### Information supplied
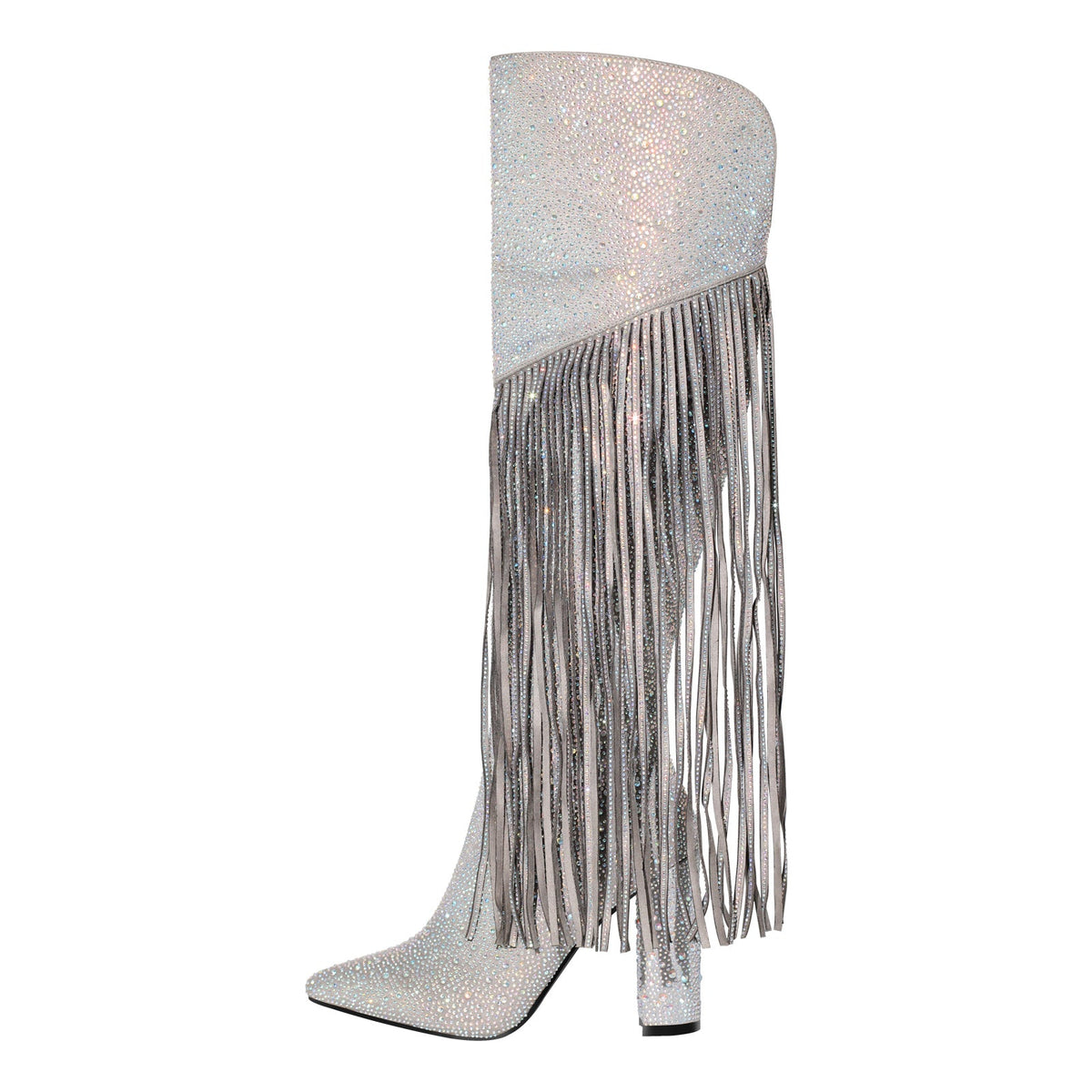 Pointed Toe Rhinestone Tassels Over The Knee Boots - Onlymaker Latest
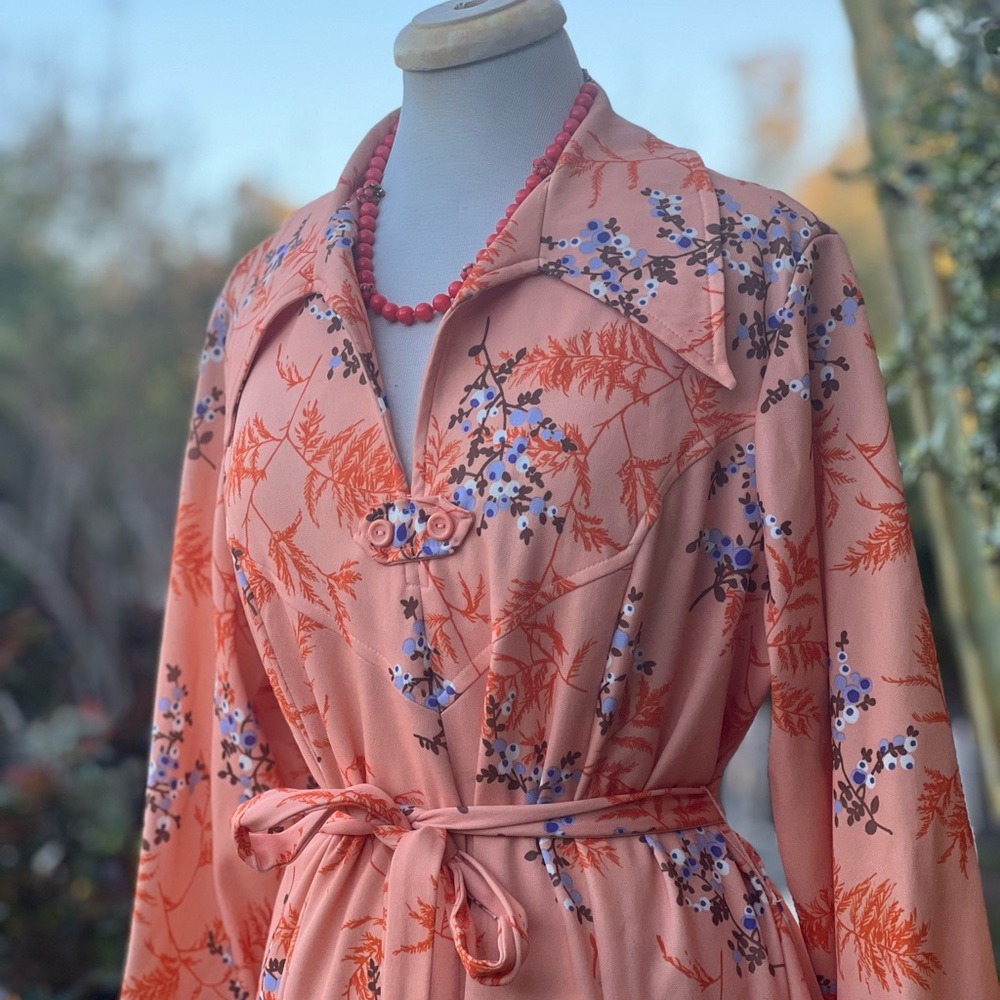 Vintage Handmade Sherbet Orange Floral Dress|plus size - Picture 8 of 11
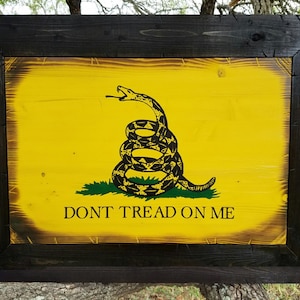 Wooden Rustic Style Gadsden Flag, Dont Tread On Me Flag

### Assignment
Repeat the listing verbatim, pictures excluded.

### Final answer
 Pointed Toe Rhinestone Tassels Over The Knee Boots - Onlymaker Latest
 Vintage Handmade Sherbet Orange Floral Dress|plus size - Picture 8 of 11
 Wooden Rustic Style Gadsden Flag, Dont Tread On Me Flag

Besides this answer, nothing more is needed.